Starring Michael Shannon, Samantha Morton, Peter Fonda, Charlie Tahan
Directed by John McNaughton
Legendary Henry: Portrait of a Serial Killer director John McNaughton returns to the big screen in excellent form with The Harvest, a relatively mild yet utterly captivating thriller that deals with darker happenings buried within the apparent normality of a reputable home.
Teenage actress Natasha Calis stars as Maryann, a young girl who has recently moved with her grandparents to a secluded new home in the wake of her parents’ deaths. While investigating the local area, Maryann comes across the home of the bedridden young Andy (Tahan) and his parents, Katherine (Morton) and Richard (Shannon). Her initial attempts to befriend Andy are met with stern resistance by his mother, who explains that Andy is very, very sick and cannot afford to expend his energy with excessive play sessions – in fact, he may not have long left on this world, and Katherine is concerned that allowing too close a bond to form between the two would simply be unfair in terms of its emotional impact on Maryann when the inevitable end arrives.
Of course such a bond is quickly formed and being young, tenacious, and a more than welcome new best friend in Andy’s view sees Maryann continue to visit the sick boy in secret, much to the increasing chagrin of his domineering mother. There’s a sense that something in the household is off, however, and a jaunt into the basement while hiding from Andy’s mother sees Maryann uncover a shocking truth that puts both her and Andy in immediate danger.

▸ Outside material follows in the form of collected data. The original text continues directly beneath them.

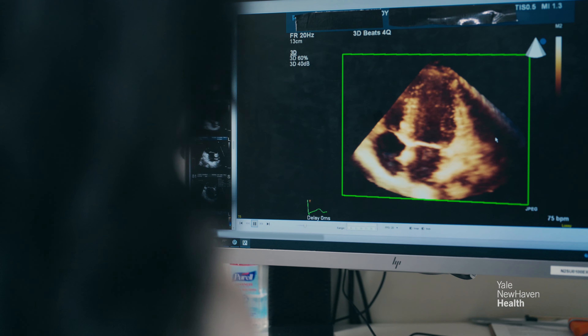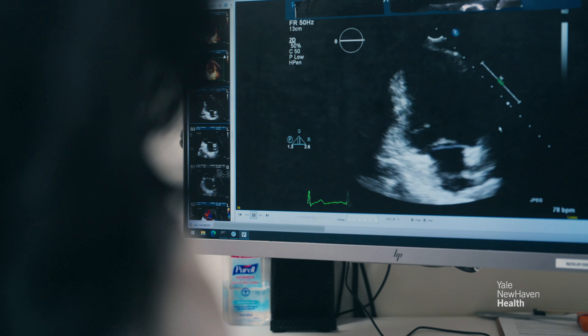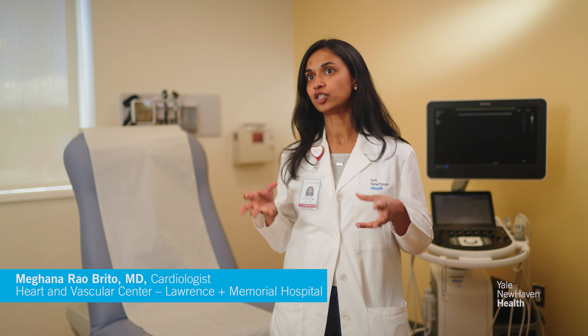When people think of heart disease, we think of coronary artery disease, which are blockages in the arteries that provide your heart muscle. But heart disease comes in all kinds of forms.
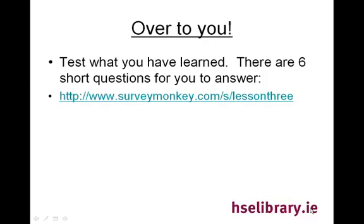Now it's over to you. To test what you've learned there are six short questions for you to answer. So go to www.surveymonkey.com/s/lesson three 3.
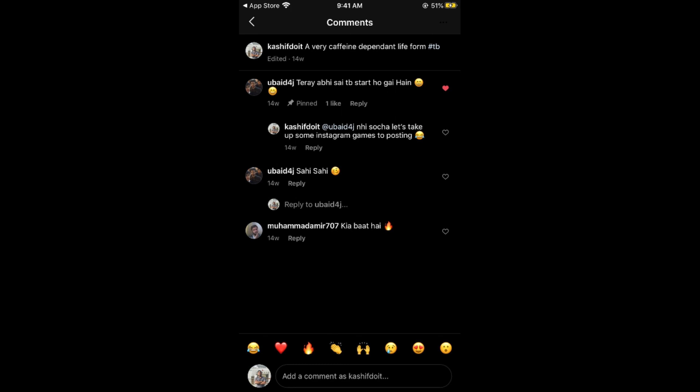Hope this has helped you pin a comment on Instagram on Android as well as iPhone. Before you go, please like, subscribe, and share. Thank you.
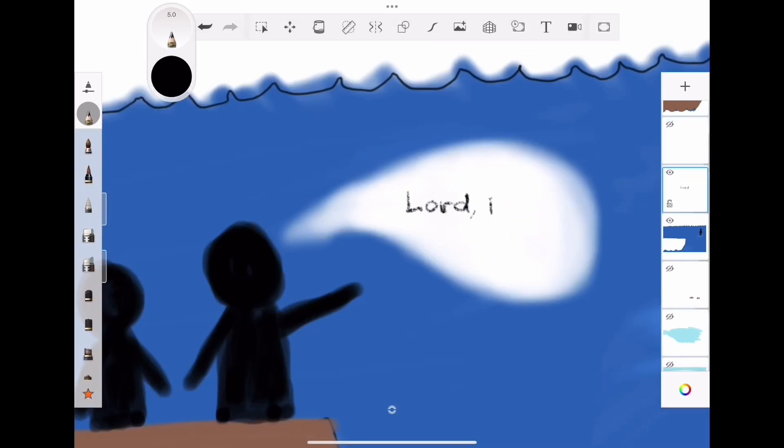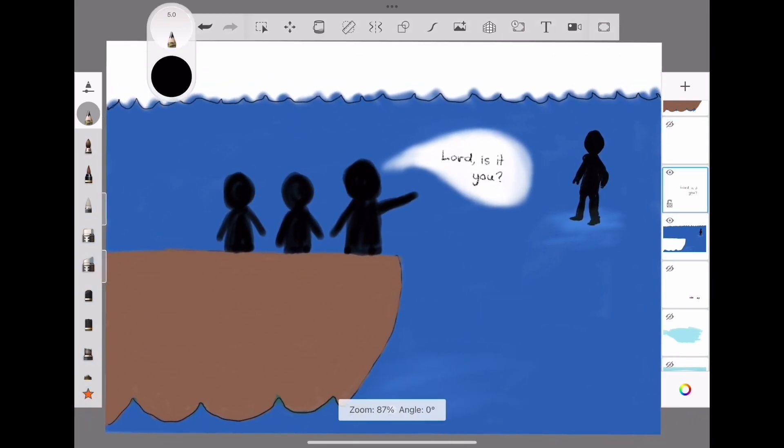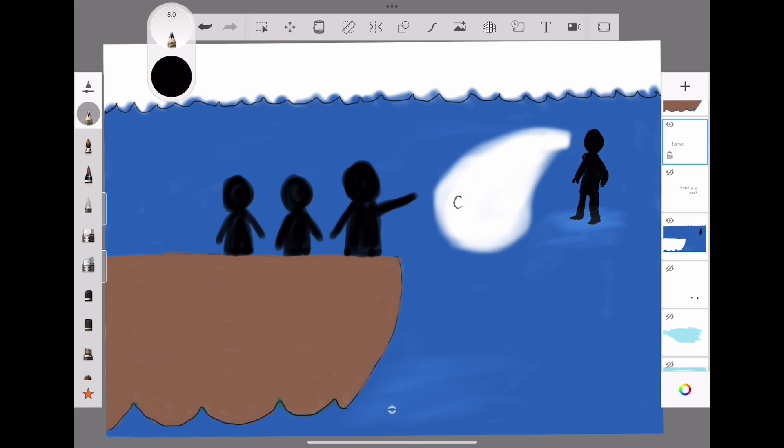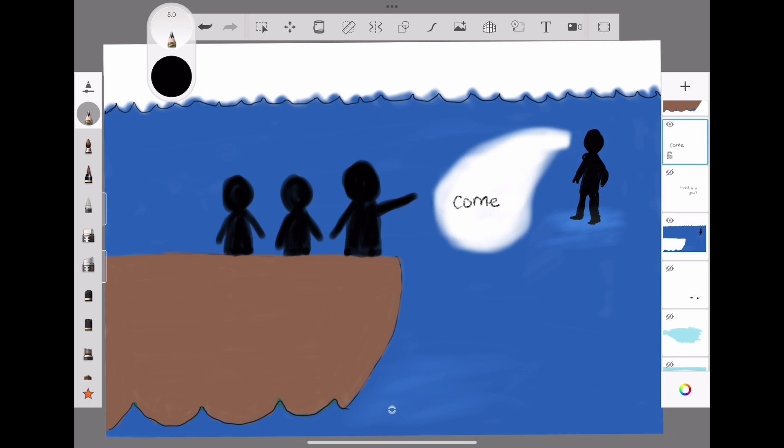Lord, is it you? Peter asked. If it is, tell me to come to you on the water.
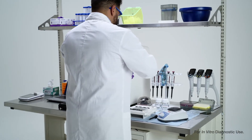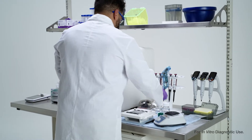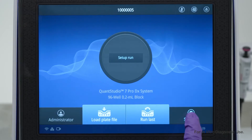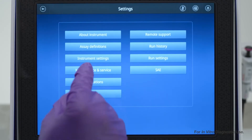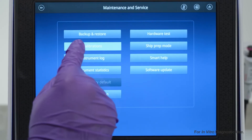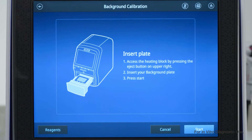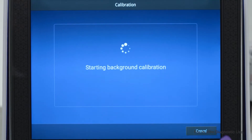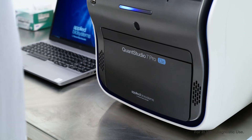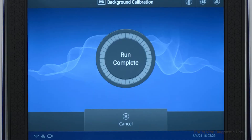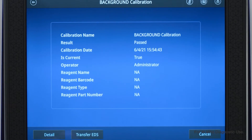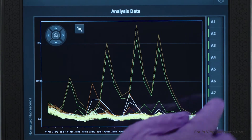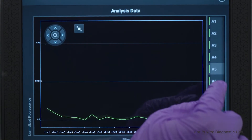A background calibration check is the simplest way to reveal contamination. To perform a background check, select Settings from the home screen and choose Maintenance and Service. Select Background, then insert your background plate and start the calibration run. The run will take roughly four and a half minutes. Then review your analysis data to find wells with consistently and abnormally high signals. These are most likely contaminated.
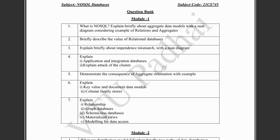These questions have been curated by comparing the previous year papers and the internal papers. We'll also discuss the passing package — the most important modules to cover from an exam perspective to easily fetch 60 marks. So let's get started.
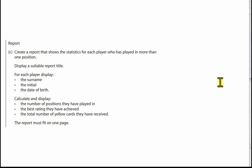In this video I'm going to cover part C and D of Activity 3 of Marklepool College. Let's have a look at the report. We've got to create a report that shows the statistics for each player who has played in more than one position.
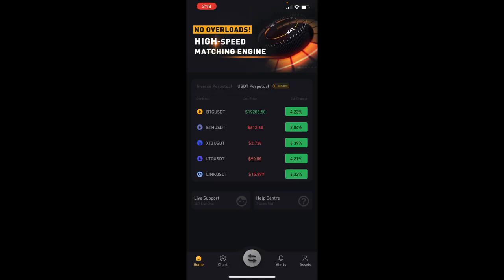When you're in USDT, you just hold USDT and use that to trade all of these coins — you don't have to worry about exchanging one coin for another. Because USDT contracts are brand new and just got added to the platform, there's currently a 30% off on your trading fees. Any trading fees you pay when trading USDT contracts will get a 30% discount.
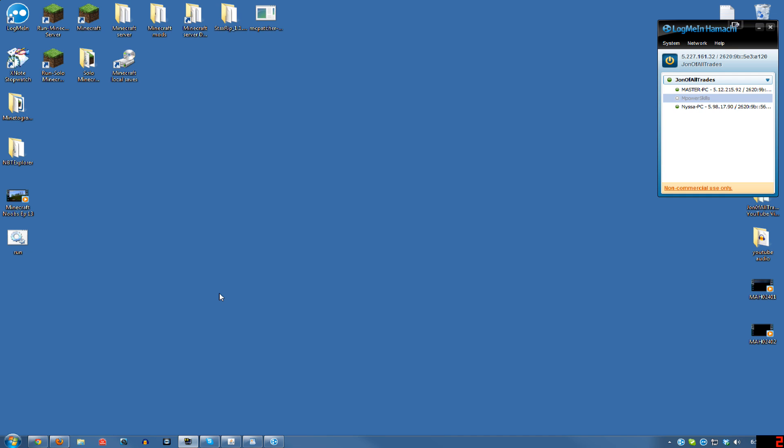Alright, hello and welcome. How are you doing? Today I'm going to show you how to set up a Minecraft server on your computer so you can play with your friends across the internet.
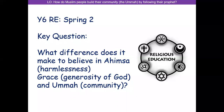Good morning Year Six and welcome to the second RE lesson of the half term. We're going to continue with our key question: what difference does it make to believe in ahimsa, which means harmlessness, grace, generosity of God, and the ummah community? We're going to be looking at how they all integrate within each other as well.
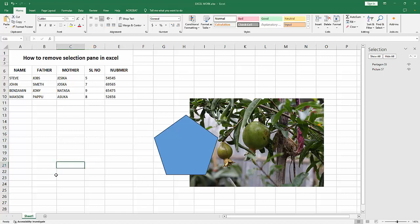Assalamualaikum, hello friends! How are you? Welcome back to another video. In this video, I'm going to show you how to remove the selection pane in Microsoft Excel. Let's get started. First, open your Excel workbook.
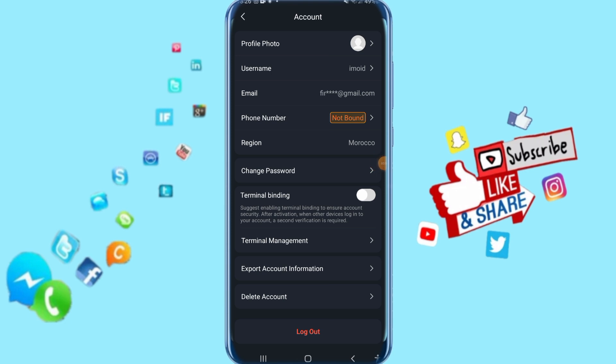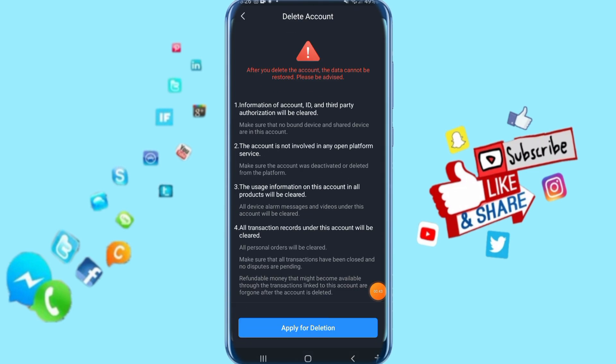Next, just click here on 'Delete Account.' Then you click here on 'Apply for Deletion,' and it will automatically delete your account on your app. That's all.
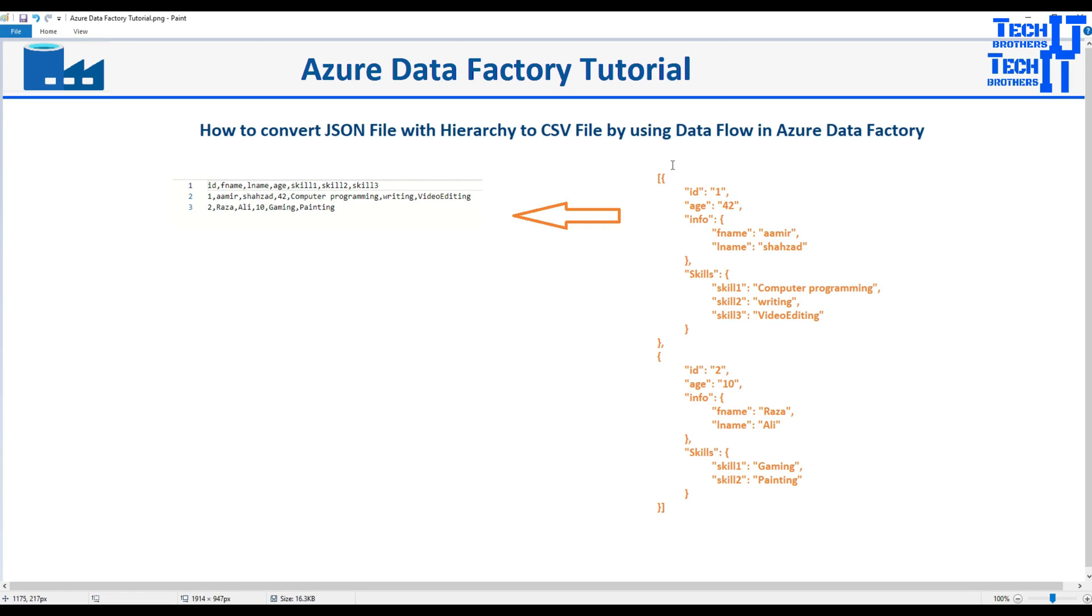Welcome to TechBrothers with Amir. In this video we are going to learn how to convert JSON file with hierarchy to CSV file by using Dataflow in Azure Data Factory.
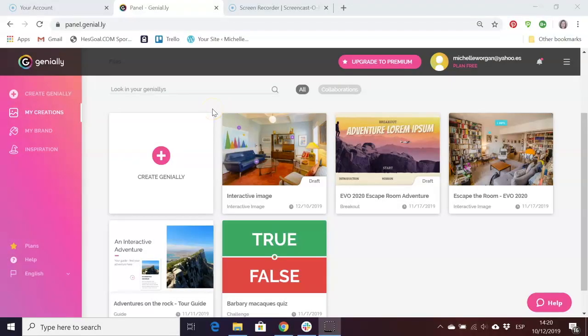We're going to look at how to create a simple digital escape room scene using a web tool called Genially. You can set up an account for free and there's lots of different things you can do with Genially.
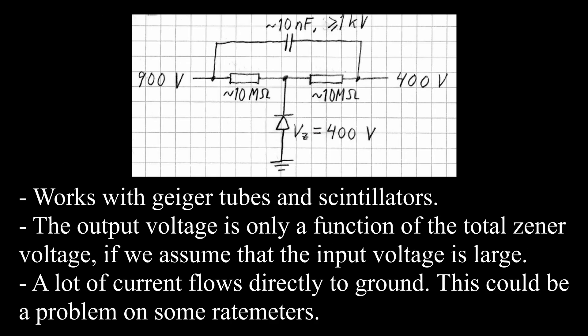Here is the second one. This one uses 400 volts worth of Zener diodes to make sure the voltage over the detector is always 400 volts.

All right, so the actual twist in The Harvest isn’t particularly difficult to see coming (nor is the second, once the first arrives), and there is little inventiveness in McNaughton’s choice of visual presentation – keeping the entire affair clean and grounded with a Lifetime-esque sheen – but the drama that unfolds throughout is impeccably rendered by its cast. The two young leads are fabulous in their respective turns, harnessing that childlike curiosity that leads straight towards an adult danger zone. Speaking of the adults, everyone here is playing their A-game – Samantha Morton is at once cold, calculated, stern and yet utterly unhinged. When the wheels come off, her performance is staggeringly terrifying. Michael Shannon plays a perfect polar opposite – the downtrodden husband with a steely stare that betrays a brooding regret and despondence rather than the sheer malevolence of his counterpart. He’s a sympathetic villain – harangued into action while battling an internal moral and emotional conflict regarding what is going on under his roof – and actually comes to feel like the true victim in the tale once the credits roll. Both actors are powerhouses in The Harvest, so much so that it’s very, very difficult to take your eyes off the screen.
There’s little in the way of violence or true horror-centric shocks here. Most of the fear comes from the threat of Morton’s unpredictable Katherine, driven home in perhaps the sole scene of brutality that is made all the more effective by the comparative lack of such behaviour throughout the rest of the film. The story may initially feel twee, but it unfolds with measured grace as things gradually slip into much darker territory. It’s perhaps difficult to accept the swiftness with which Maryann’s grandparents dismiss her claims, but it sets the scene for some effective tension as she realises that she is indeed Andy’s only hope.
Don’t go into this expecting a jump-out-of-your-seat shocker or anything swinging around violence and brutality with abandon. What you get is a grounded tale of very human horror, grief, loss and bravery brought to life by a cast that simply couldn’t have done it any better.